Project Management Professional (PMP)® Articles - Training and Development: Four Soft Skills Your Project Teams Need to Master

Training and Development: Four Soft Skills Your Project Teams Need to Master

Hiring professionals who are proficient in soft skills is no longer optional—it's a necessity. With the emergence of work arrangements that allow for more distance working (ex. remote work and flexible scheduling), soft skills are more critical now than they ever were.

Additionally, the world of project management requires the mastering of skills like collaboration, listening, problem-solving, and the ability to communicate well in speech and writing. As a project manager, you likely understand how crucial it is for your team members to have these qualities.

Research from LinkedIn found that while technical and hard skills were at the top of the list for most hiring managers that they surveyed, soft skills were the primary driver of success. Ninety-two percent of their respondents felt that soft skills were more important than technical skills. Additionally, 89 percent of professionals who were categorized as bad hires lacked soft skills.

So, you and anyone on your hiring teams have the monumental task of hiring people for technical proficiencies and ensuring they have the soft skills to accomplish the tasks you need. What are those skills? What should a project team member be proficient in to help your team succeed?

These are the soft skills each member of your project teams needs to master either before you hire them or soon after their onboarding:

Business and Team Communications

Let's get right down to it; this is the must-have for all your teams. The hard part of communication is determining whether candidates are good at it or not. According to a LinkedIn study, communication was at the top of the list when it came to skills hiring managers were looking for, and with good reason. Project management is all about communication: spoken and written. Your team members have to know how to get ideas across clearly, succinctly, and appropriately.

Failing to do so will derail your team's chances to meet deadlines and present a well-crafted product. The best way that you can help team members develop this skill is through practice and instruction. For example, you should provide examples of what a good project update or client communication message looks like on a project management tool or through email. You may even want to have templates for your team members to follow to help them practice. Additionally, don't hesitate to have them take a workplace communication course or two. Udemy and have tons of lessons on the topic that you can share with your teams to get them up-to-speed.

Staying Organized

To say that there are many moving parts in project management is an understatement. Exceptional project management requires an advanced ability to organize everything. One of the critical items that most employees will need help with is organizing things like digital documents, passwords, and project updates. A great way to start training your employees on this is by giving them access to the right tools and setting up policies to go along with them.

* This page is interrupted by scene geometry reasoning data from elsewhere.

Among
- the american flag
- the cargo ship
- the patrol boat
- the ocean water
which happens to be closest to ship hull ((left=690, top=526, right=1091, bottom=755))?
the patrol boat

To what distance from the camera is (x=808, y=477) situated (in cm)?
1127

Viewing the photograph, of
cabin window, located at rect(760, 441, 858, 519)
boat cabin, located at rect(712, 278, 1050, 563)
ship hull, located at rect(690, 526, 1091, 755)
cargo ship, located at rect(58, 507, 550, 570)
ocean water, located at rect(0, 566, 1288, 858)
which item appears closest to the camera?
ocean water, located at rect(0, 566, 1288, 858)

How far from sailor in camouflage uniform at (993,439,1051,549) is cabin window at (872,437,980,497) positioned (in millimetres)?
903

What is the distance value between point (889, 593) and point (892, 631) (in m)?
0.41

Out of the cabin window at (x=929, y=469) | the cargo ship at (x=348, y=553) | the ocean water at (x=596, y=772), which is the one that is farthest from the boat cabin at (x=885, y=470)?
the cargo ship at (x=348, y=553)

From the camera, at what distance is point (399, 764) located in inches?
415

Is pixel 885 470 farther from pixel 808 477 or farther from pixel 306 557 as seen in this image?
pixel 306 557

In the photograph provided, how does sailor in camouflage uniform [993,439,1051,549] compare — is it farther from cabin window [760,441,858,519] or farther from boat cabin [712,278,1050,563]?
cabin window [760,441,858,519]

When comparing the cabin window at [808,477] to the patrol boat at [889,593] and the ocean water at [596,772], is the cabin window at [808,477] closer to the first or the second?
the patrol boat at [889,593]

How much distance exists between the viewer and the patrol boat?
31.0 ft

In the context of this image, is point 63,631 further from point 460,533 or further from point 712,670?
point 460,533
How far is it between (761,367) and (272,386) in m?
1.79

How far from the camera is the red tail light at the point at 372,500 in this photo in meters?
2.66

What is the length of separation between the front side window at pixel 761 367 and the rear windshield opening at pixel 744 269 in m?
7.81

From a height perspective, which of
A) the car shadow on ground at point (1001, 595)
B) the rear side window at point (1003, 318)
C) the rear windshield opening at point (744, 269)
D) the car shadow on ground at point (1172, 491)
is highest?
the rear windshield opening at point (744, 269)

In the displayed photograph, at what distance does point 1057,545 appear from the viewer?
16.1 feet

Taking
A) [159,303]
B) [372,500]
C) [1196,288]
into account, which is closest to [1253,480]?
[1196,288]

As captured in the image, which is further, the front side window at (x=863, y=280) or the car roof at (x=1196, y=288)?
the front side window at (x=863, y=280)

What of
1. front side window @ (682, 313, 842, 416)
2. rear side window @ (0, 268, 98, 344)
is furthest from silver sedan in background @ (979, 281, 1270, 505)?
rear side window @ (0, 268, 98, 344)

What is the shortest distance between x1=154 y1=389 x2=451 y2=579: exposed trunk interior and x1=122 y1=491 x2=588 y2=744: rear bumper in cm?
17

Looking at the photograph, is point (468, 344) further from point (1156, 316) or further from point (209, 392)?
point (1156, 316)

For example, this step is where you want to invest in project and task management tools like Asana, Trello, or, which allows your team to track and stay up-to-date on task updates and provide project updates of their own. Additionally, invest in document organizer tools and a password management app. Lastly, develop policies around these tools that will allow your teams to practice their organizational skills.

Project Collaboration

Project management is not a solo sport. Each team member has to know how to collaborate and successfully work with other team members. Resultantly, you want to offer as much guidance as you can to help individuals realize that their actions impact the team as a whole.

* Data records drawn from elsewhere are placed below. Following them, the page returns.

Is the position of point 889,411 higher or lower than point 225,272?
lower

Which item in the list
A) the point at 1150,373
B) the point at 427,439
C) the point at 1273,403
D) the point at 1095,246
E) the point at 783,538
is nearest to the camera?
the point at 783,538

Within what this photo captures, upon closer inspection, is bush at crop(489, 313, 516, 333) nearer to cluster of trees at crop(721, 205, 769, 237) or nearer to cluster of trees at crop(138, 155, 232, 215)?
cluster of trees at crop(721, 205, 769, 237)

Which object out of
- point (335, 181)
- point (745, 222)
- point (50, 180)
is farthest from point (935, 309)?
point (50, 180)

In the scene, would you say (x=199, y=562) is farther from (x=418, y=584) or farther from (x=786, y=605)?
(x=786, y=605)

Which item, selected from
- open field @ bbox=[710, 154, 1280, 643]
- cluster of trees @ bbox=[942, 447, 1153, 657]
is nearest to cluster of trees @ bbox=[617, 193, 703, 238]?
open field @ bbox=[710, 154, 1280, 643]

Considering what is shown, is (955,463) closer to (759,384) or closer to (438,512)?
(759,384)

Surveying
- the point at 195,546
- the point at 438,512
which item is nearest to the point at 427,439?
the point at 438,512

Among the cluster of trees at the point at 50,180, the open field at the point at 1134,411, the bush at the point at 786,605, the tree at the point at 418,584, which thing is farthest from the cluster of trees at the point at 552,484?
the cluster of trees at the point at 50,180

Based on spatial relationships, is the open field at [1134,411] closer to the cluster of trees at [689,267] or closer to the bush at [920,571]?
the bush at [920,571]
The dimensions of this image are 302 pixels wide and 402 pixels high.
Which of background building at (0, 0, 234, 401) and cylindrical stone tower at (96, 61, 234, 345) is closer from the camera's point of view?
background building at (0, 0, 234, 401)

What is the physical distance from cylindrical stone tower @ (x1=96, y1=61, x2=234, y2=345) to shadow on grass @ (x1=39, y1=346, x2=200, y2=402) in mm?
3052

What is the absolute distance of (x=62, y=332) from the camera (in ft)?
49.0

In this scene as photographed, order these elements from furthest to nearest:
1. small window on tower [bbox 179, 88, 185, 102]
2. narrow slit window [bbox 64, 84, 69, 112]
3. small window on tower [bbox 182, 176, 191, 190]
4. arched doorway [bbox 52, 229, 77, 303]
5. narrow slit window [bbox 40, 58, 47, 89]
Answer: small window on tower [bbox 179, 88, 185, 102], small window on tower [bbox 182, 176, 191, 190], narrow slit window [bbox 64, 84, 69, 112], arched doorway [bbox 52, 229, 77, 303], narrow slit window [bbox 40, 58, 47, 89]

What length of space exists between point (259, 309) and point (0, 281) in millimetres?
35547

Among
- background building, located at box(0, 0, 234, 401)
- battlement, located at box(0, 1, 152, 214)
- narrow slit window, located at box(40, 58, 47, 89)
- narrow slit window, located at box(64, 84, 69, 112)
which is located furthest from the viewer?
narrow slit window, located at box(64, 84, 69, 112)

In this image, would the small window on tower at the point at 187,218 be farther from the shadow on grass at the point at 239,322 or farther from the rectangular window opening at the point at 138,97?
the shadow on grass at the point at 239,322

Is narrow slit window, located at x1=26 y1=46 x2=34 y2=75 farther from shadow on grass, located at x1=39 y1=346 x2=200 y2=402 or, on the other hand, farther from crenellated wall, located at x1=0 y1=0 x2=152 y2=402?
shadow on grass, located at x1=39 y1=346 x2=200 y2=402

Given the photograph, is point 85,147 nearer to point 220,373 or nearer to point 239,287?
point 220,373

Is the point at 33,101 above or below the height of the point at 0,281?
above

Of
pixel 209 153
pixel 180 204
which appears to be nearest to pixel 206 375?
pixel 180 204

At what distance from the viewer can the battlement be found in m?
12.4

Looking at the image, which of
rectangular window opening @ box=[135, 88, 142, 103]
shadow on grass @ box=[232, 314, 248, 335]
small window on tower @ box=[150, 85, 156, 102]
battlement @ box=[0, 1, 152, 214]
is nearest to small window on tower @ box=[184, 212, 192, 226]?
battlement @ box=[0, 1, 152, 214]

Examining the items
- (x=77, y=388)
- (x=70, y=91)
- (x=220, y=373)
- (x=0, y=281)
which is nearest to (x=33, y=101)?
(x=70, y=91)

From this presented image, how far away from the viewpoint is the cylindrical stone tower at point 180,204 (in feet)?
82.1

There are two ways that you can help your team members hone this skill. First, they should be aware of the personalities and work habits of those they work with. So, you may want to encourage your employees to take personality tests to understand how they and others work.

The more your employees understand the personalities of each other, the better they can collaborate with others. Second, invest in a collaboration course with Coursera or LinkedIn Learning. Both offer detailed and pointed courses on everything from effective team communication to using tools like Google Suite (now Workspace) or Github to promote team collaboration. Also, be sure to provide tools that can facilitate real-time collaboration like Google Suites, Slack, Zoom, and GoToMeeting to allow them to have the best opportunity to engage in collaborative teamwork.

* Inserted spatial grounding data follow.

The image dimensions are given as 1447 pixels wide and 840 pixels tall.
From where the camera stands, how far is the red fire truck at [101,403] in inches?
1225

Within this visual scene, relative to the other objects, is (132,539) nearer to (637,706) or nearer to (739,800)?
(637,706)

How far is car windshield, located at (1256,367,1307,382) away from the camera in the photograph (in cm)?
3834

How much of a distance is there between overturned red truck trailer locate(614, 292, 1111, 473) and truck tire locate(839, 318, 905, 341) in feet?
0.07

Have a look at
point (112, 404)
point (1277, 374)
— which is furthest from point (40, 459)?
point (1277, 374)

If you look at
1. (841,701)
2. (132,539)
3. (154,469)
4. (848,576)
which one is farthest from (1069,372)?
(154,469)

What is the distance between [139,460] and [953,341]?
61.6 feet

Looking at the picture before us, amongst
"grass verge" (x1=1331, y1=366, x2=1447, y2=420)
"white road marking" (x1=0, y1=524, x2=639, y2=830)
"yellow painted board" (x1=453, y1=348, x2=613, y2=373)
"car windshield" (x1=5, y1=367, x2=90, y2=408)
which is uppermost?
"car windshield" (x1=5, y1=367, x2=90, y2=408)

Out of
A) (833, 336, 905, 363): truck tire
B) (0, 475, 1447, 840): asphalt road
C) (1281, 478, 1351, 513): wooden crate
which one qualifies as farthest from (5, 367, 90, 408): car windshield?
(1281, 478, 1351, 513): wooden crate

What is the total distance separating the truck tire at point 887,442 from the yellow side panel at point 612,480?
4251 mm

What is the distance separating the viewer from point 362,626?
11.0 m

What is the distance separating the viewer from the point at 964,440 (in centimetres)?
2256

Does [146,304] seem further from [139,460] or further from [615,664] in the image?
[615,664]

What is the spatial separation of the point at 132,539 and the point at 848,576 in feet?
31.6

Time Management and Adaptability

The involvement of deadlines makes time management and the ability to be flexible essential for your project teams. Time management is a broad concept, so it helps to break this down into smaller lessons for your team members to understand and grasp. Time management training should include the mastering of goal setting, task prioritization, tracking tasks, scheduling tasks, and the minimization of distractions.

Additionally, team members should also understand how crucial it is to know when to switch from one task to another if an urgent situation or need arises. Again, this is something that you can likely find a course on. Still, you may have specific time management needs for your organization, so it may be best to create customized training that addresses your organization's workflow that your team members can take during onboarding.

Soft Skills Should Be Renamed Critical Skills

One could make an argument that soft skills are incorrectly named. They may not involve technical skills, but workplace life will be challenging without them, and their name gives off the vibe that they aren't as critical to have as hard skills.

However, this couldn't be further from the truth. Business writing, presentation skills, time management, and teamwork proficiency are just as crucial to have as coding, marketing, or accounting. These skills are the glue that can hold your team together and allow you all to meet your project goals.

You should look for soft skills in all candidates and work to develop them in each person already on your teams. If they can master foundational soft skills, they are likely to be high performers who will propel your project teams forward.